PRESS SECTION - The Arbuturian Seville November 2012
Seven Days in Andalucia
November 4, 2012 Article by Tom Leahy
I don’t know if there is a Spanish version of that well-worn phrase La France profonde, but if there is you could happily apply it to Andalucia. For here you will find all that is good and bad about modern Spain. There are the high-rise beachfront monstrosities of the Costa del Sol – a legacy of the building boom fuelled by the bankrupt banks. But there is also the beautiful white-washed hill towns of the interior; the pueblo blancos, the thrilling romance of Seville, the wild Atlantic coast of the Costa de la Luz, and the mountains of the Sierra Nevada. And then there is the food. Oh, the food. They might say it is better to travel hopefully than to arrive, but, reader, I travelled hopefully, I arrived and I ate my fill.
Just seven days isn’t enough to do justice to Andalucia’s numerous and undoubted charms, so priorities must be identified and incorporated into a suitable itinerary. For me, that meant splitting the little time I had into four days in Seville, followed by three in Vejer de la Frontera, a charming pueblo blanco, fifteen minutes drive from some of the nicest beaches on the Costa de la Luz.

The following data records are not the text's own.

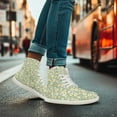 thumbnail image 5 of FUIALDOLG Womens High Top Sneakers PU Leather Running Shoes Non Slip Walking Athletic Tennis Shoes for Women Ankle Boots, 5 of 7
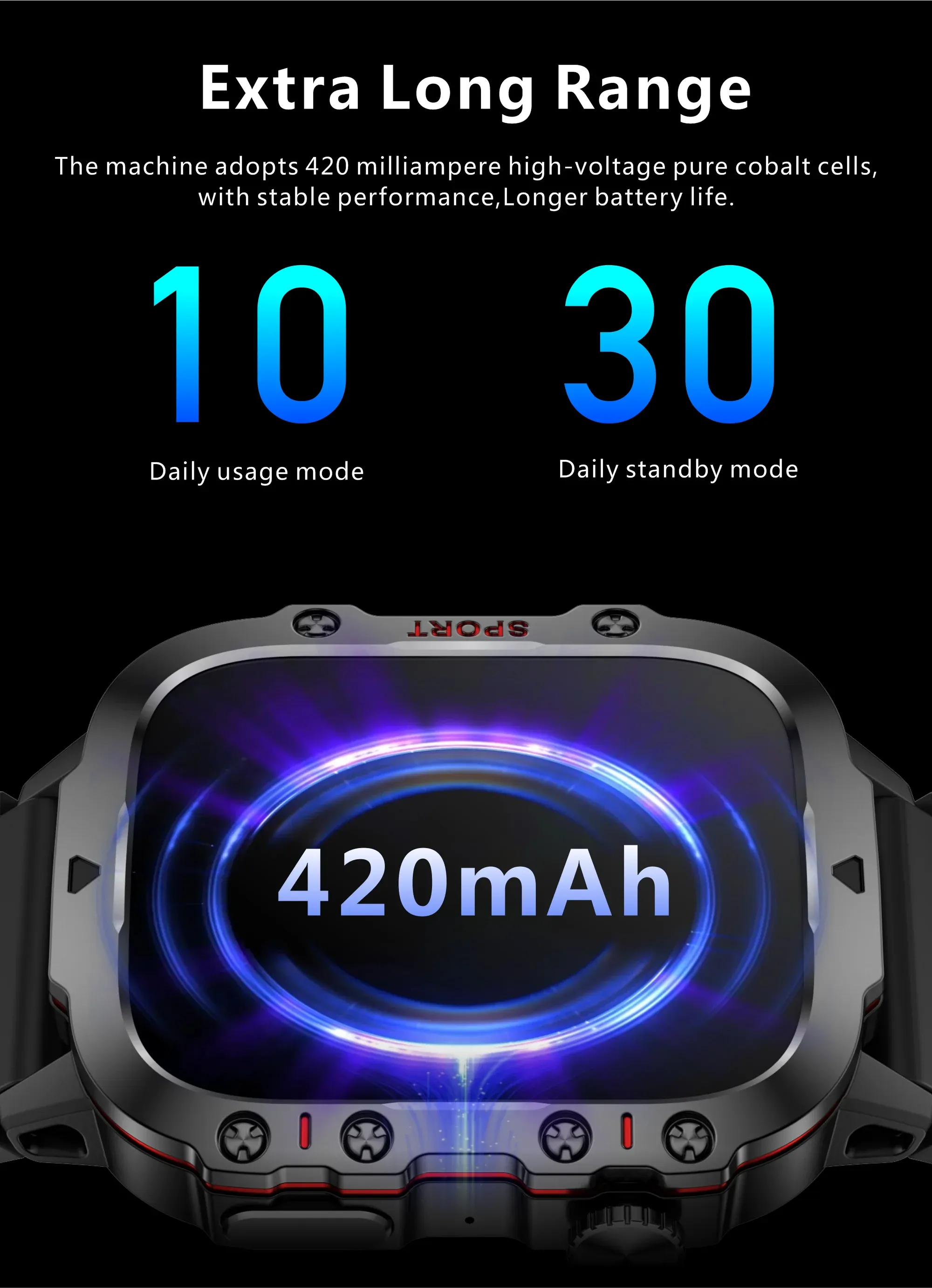Men Outdoor Sports Fitness Tracker Health Monitor Smartwatch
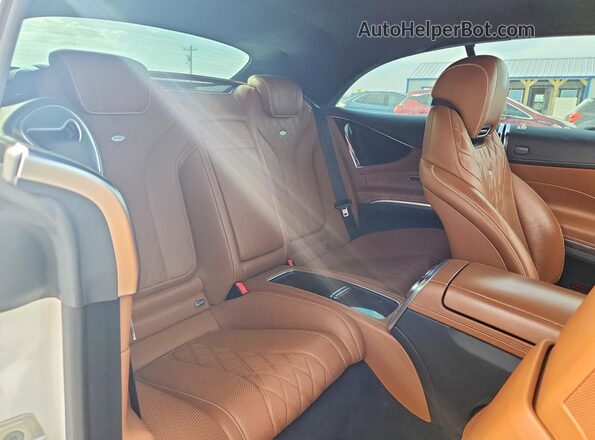 WDDXK8CB9HA024703 2017 MERCEDES-BENZ S Белый Вид задних сидений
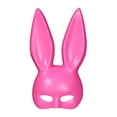 thumbnail image 2 of Máscara de conejo de Pascua Macarena portada de fiesta rosa, 2 of 8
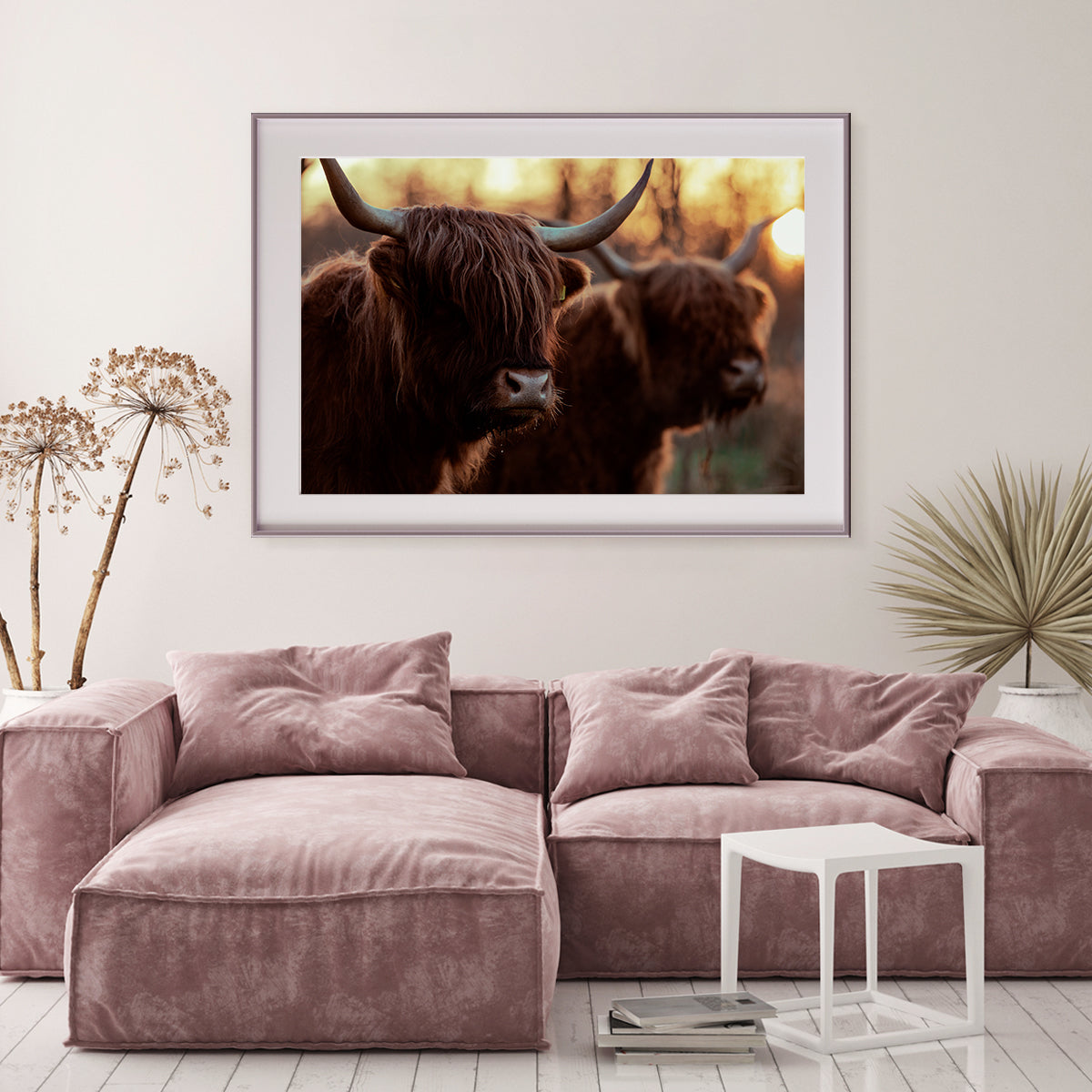 Highland Cows Posters And Wall Art Prints For Living Room-Horizontal Posters NOT FRAMED-CetArt-10″x8″ inches-CetArt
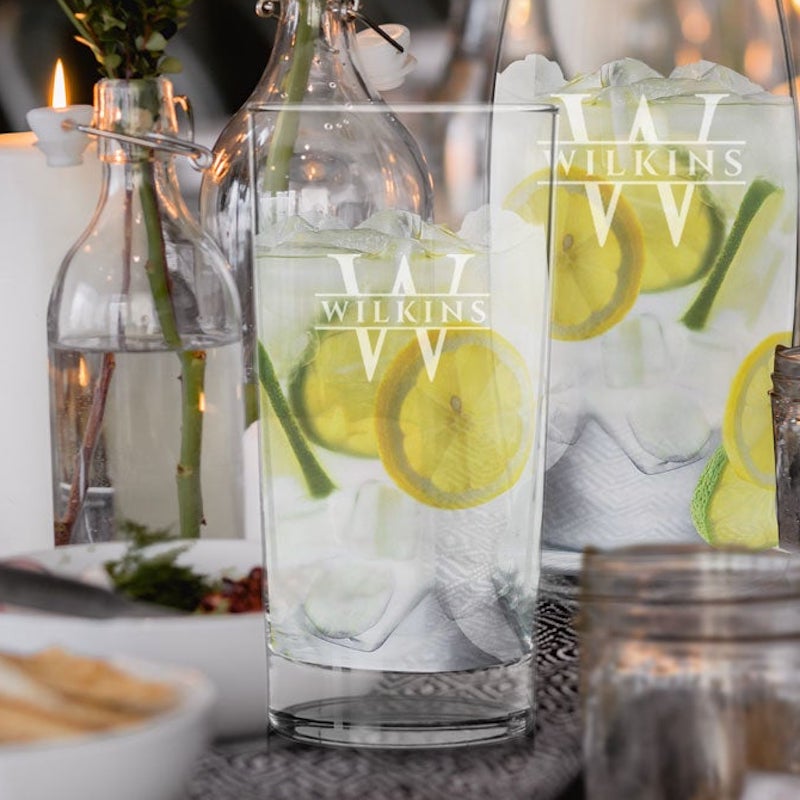 Engraved Tall Cocktail Glasses - Set of Four
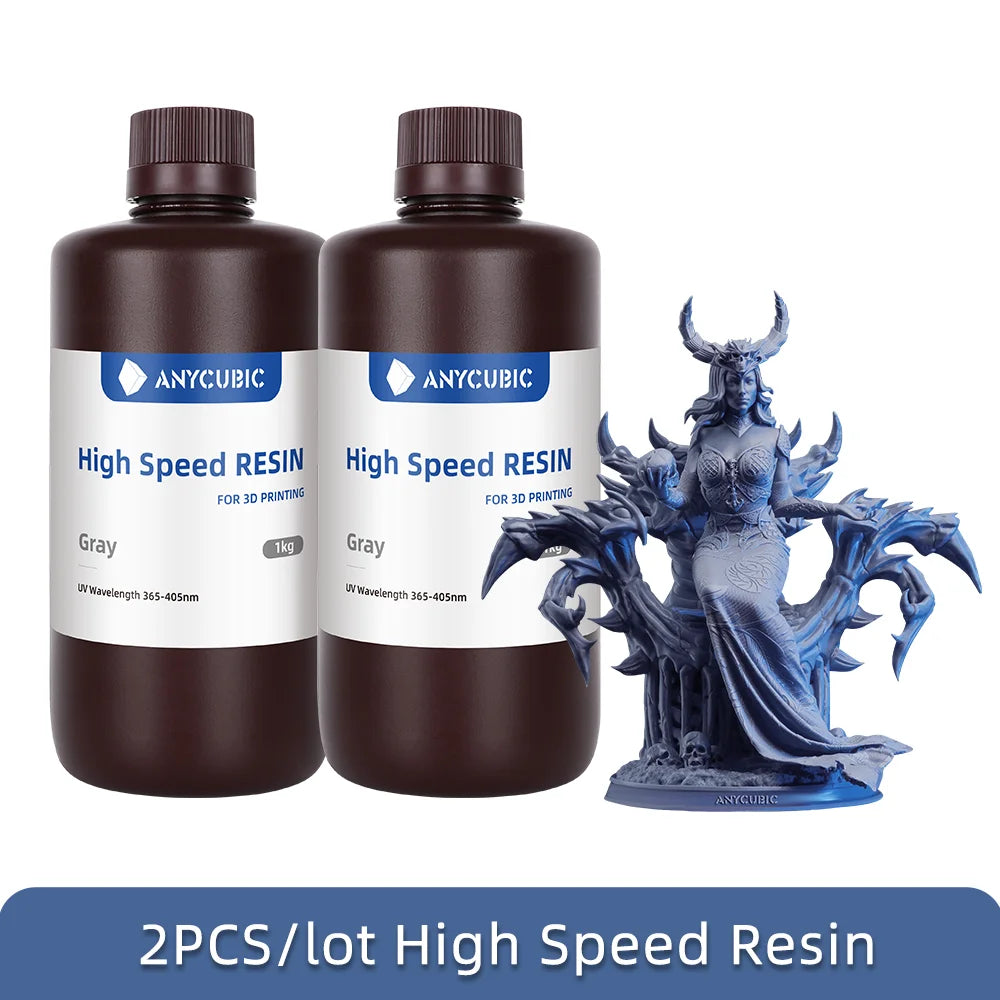 ANYCUBIC High Speed Resin 5X Faster Printing Speed Low Viscosity UV Resin for Photon Mono M5S LCD 3D Printer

Where to stay though? Ignoring what De La Soul might have had to say on the subject of magic numbers, travellers whose trips echo mine might be well advised to put their chips on lucky number seven instead. Why, I hear you ask? Well, in Seville I had the pleasure of staying at Casa Numero 7. A boutique hotel tucked away on the edge of the Barrio Santa Cruz, owned by an anglophile member of the Spanish aristocracy from nearby Jerez, one enviously-named Gonzalo del Río y González-Gordon. Meanwhile, in Vejer de la Frontera, I was lucky enough to bag one of the four rooms and two of the seven balconies at Siete Balcones (y un Patio), a beautifully artistic retreat nestled in the winding alleyways of this hilltop hideaway.
Seville is not the most obvious of places to find a hotel that has been designed as an homage to the English country house but, ignoring the blue skies, 35 degree heat and hum of the air-conditioning unit, you could confuse a stay at Casa Numero 7 with one at a smart friend’s pad somewhere in the Hampshire countryside.
Our comfortable room was decorated with patriotic prints (a bulldog putting the wind up three poodles, for one) and sketches of English country houses; the breakfast room was attended upon by a white-gloved waiter who served plates of eggs and bacon; and the sitting, or should I say ‘drawing’ room boasted crystal decanters of whisky, back copies of Country Life and pictures of Senor del Rio y González-Gordon meeting a variety of luminaries, including the Prince of Wales. Casa Numero 7 is not a place for those who wish to be fawned over, but as a quietly comfortable, stylish and discreet base from which to explore Seville’s many attractions, it can’t really be bettered.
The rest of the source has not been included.